● **PROBLEM**
Exactly as written, output the lines below starting from the first and ending with the line that contains "Zdjęcie 10 z"; omit pictures.

━━━━━ DATA LISTING ━━━━━

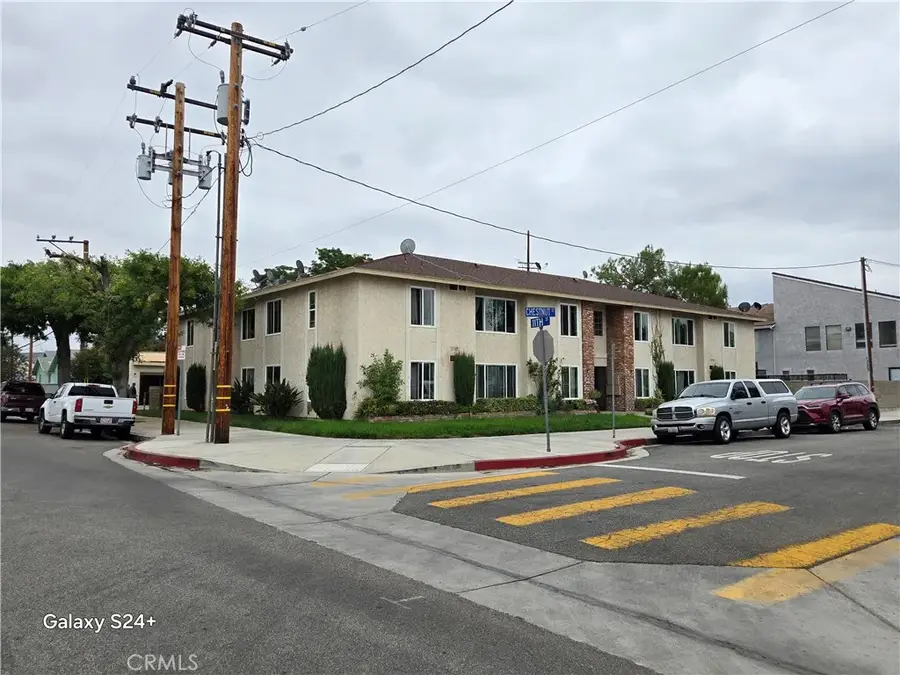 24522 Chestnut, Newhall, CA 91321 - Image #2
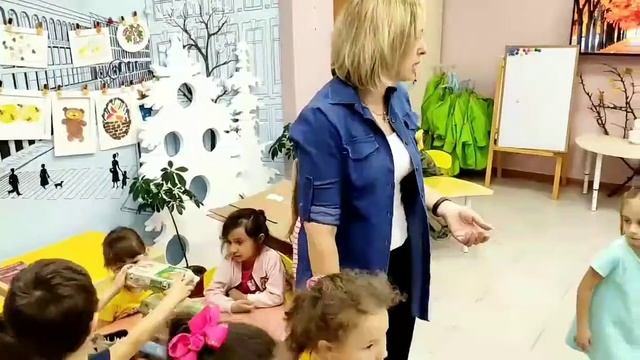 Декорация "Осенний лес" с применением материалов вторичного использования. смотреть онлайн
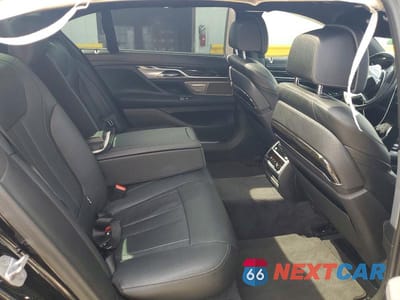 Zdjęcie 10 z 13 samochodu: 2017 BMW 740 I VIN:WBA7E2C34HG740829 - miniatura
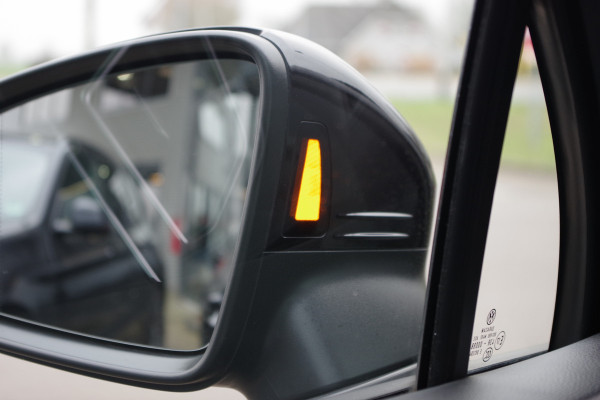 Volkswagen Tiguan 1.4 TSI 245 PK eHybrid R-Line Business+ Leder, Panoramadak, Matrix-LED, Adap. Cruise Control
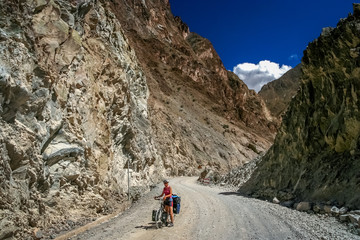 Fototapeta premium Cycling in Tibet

━━━━━

● **THE ANSWER**
 24522 Chestnut, Newhall, CA 91321 - Image #2
 Декорация "Осенний лес" с применением материалов вторичного использования. смотреть онлайн
 Zdjęcie 10 z 13 samochodu: 2017 BMW 740 I VIN:WBA7E2C34HG740829 - miniatura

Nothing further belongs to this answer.